Cezar Consing, president and chief executive officer of BPI and chairman of BPI Family Savings Bank, said the merger, subject to shareholder and regulatory approvals, has the best interests of our customers and employees in mind.
IRRI

MANILA, Philippines — The Ayala Group is merging the 169-year old Bank of the Philippine Islands (BPI) and its thrift bank subsidiary BPI Family Savings Banks, resulting in an 8.5 million client base for the merged entity.

The listed bank’s board of directors yesterday approved the merger of the country’s fourth largest universal bank and biggest thrift bank. The merger is expected to be completed within the year.

Cezar Consing, president and chief executive officer of BPI and chairman of BPI Family Savings Bank, said the merger, subject to shareholder and regulatory approvals, has the best interests of our customers and employees in mind.

“As One BPI, our 8.5 million customers will be able to enjoy the full suite of the BPI group’s products, via all our digital and physical channels. Similarly, as One BPI, our employees will have the ability to work across a larger, more varied bank, while having continuity of tenure and job level,” Consing said.

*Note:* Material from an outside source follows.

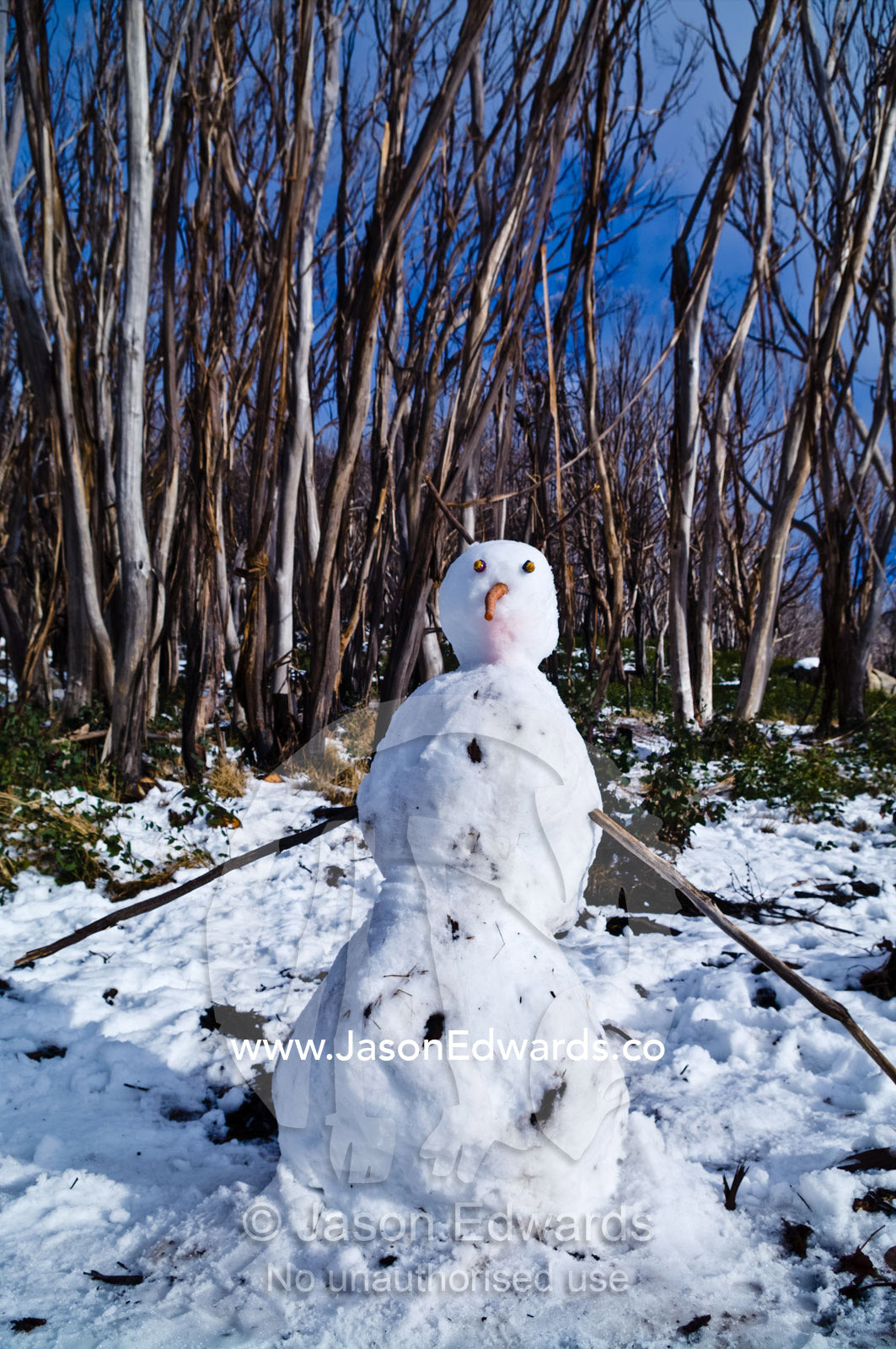A snow man with a carrot nose in a eucalyptus forest clearing. Lake Mountain, Yarra Ranges National Park, Victoria, Australia.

BPI said the merger would prime the listed bank to seize emerging opportunities and ultimately enhance the overall banking experience of customers.

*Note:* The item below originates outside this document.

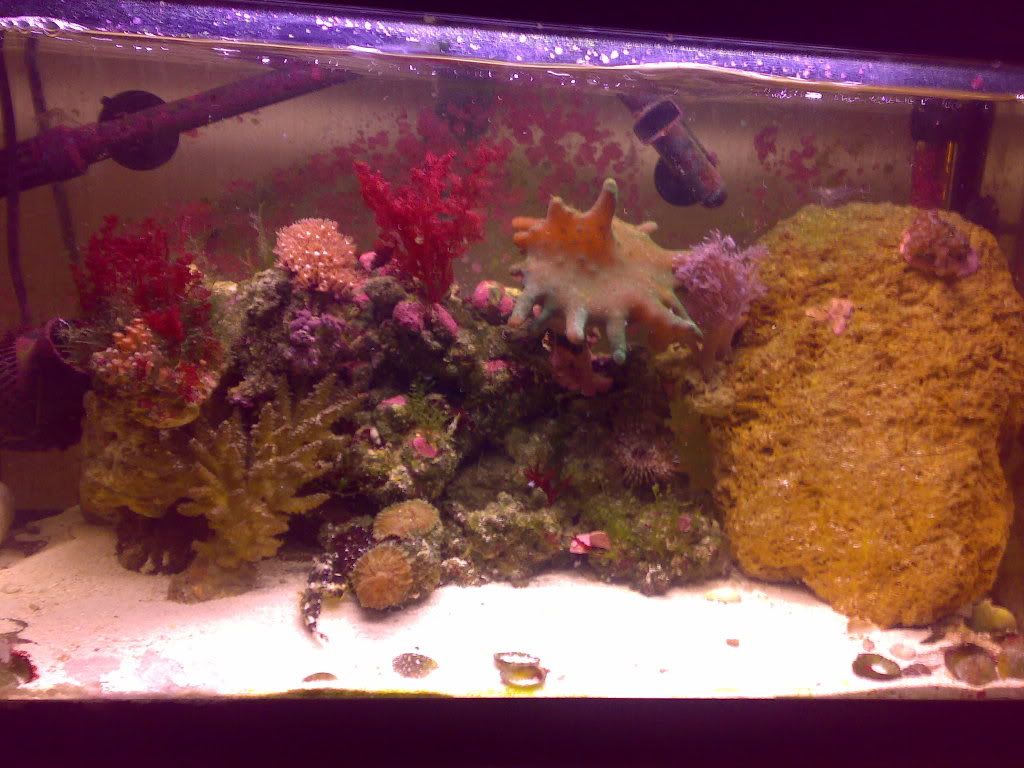 12042009403.jpg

“The integration of both entities will provide considerable advantages to the customers and employees of BPI and BPI Family Savings Bank, and present potential synergies that will benefit shareholders,” the bank said.

It also said the reduction in the gap in regulatory reserve requirements between commercial banks and thrift banks was also a factor in the timing of the transaction.

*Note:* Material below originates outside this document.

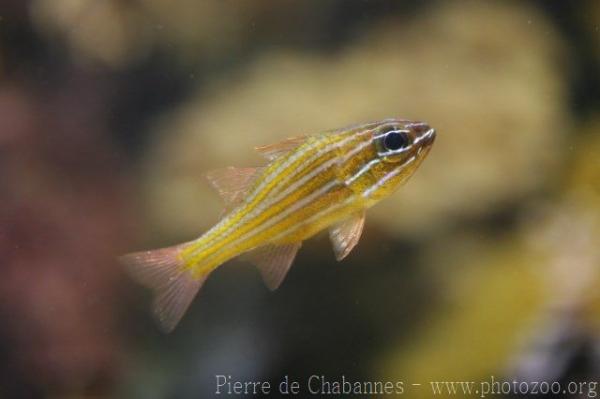 Yellowstriped cardinalfish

“If our customers and employees are better off, our shareholders will also benefit. This merger is timed to provide us with the platform to help lead the economic recovery that is sure to come,” Consing said.

BPI is the country’s fourth largest universal bank in terms of assets with P1.88 trillion as of end- September last year. It ranked fourth in terms of deposits with P1.42 trillion and second in terms of loan book with P1.17 trillion.

On the other hand, BPI Family Savings Bank is the country’s largest thrift bank with P305.57 billion in assets, P254.18 billion in deposits and P219.55 billion in loans as of end- September last year.

The thrift bank arm has focused on providing housing and auto loans to Filipino families, and is a market leader in these loan segments. It has approximately 3,000 employees.

Other big banks that consolidated their banking interests earlier include Yuchengco-led Rizal Commercial Banking Corp. (RCBC) and Philippine National Bank of tobacco and airline magnate Lucio Tan.